#### DATA TO EXAMINE
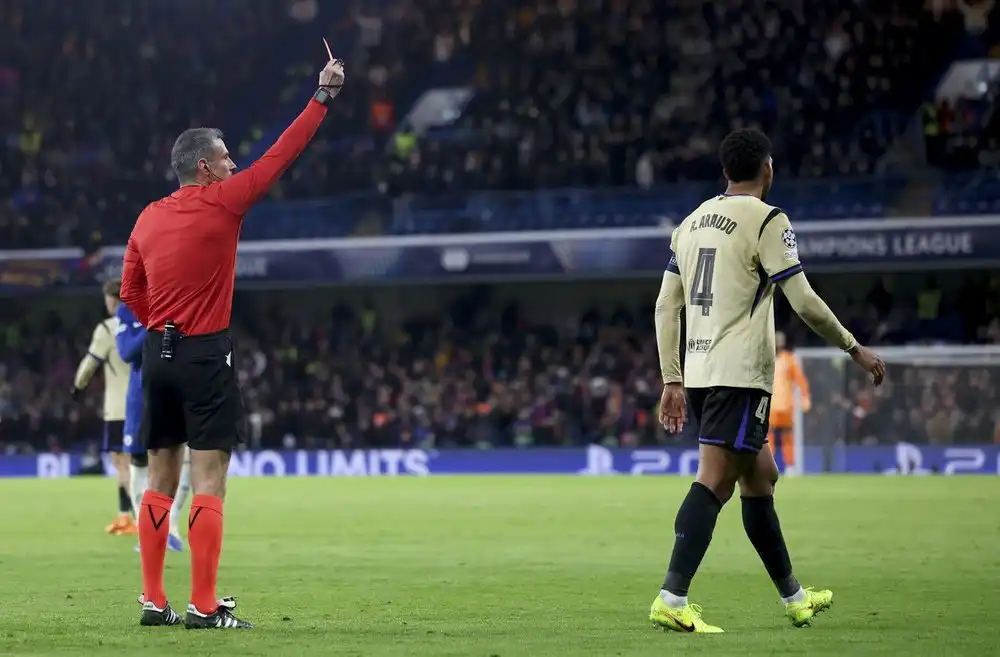 el-arbitro-slavko-vincic-le-saca-tarjeta-roja-a-ronald-araujo-en-el-chelsea-3-0-barcelona-de-la-jornada-5-de-la-fase-de-liga-de-la-champions-league-2025-26-efe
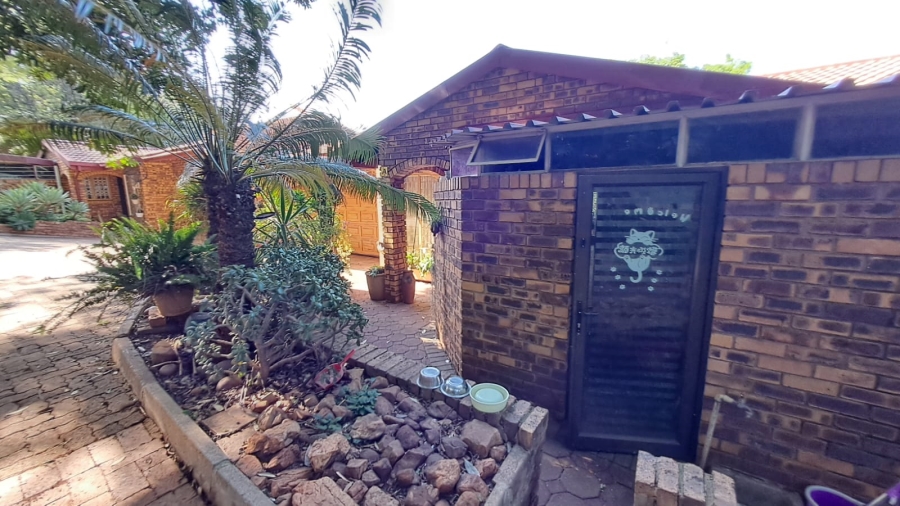 2 Bedroom Property for Sale in Amandasig Gauteng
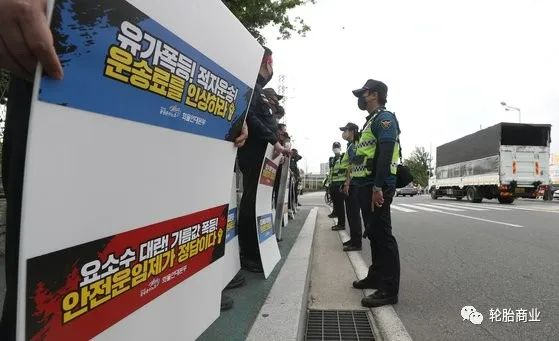 隨著工會風(fēng)險的增大，危機(jī)正在加劇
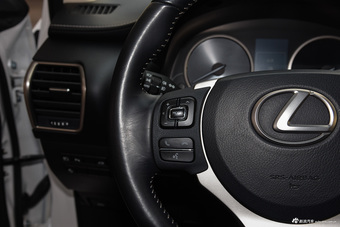 2015款雷克萨斯NX 2.5L自动300h全驱锋致版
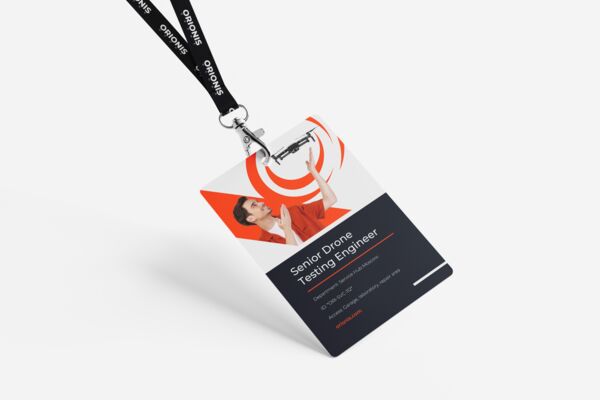 Plastic_ID_Card_Mockup_3.png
########
** ACTIVITY **
Repeat each record exactly, with the pictures left out.

** RESULT **
 el-arbitro-slavko-vincic-le-saca-tarjeta-roja-a-ronald-araujo-en-el-chelsea-3-0-barcelona-de-la-jornada-5-de-la-fase-de-liga-de-la-champions-league-2025-26-efe
 2 Bedroom Property for Sale in Amandasig Gauteng
 隨著工會風(fēng)險的增大，危機(jī)正在加劇
 2015款雷克萨斯NX 2.5L自动300h全驱锋致版
 Plastic_ID_Card_Mockup_3.png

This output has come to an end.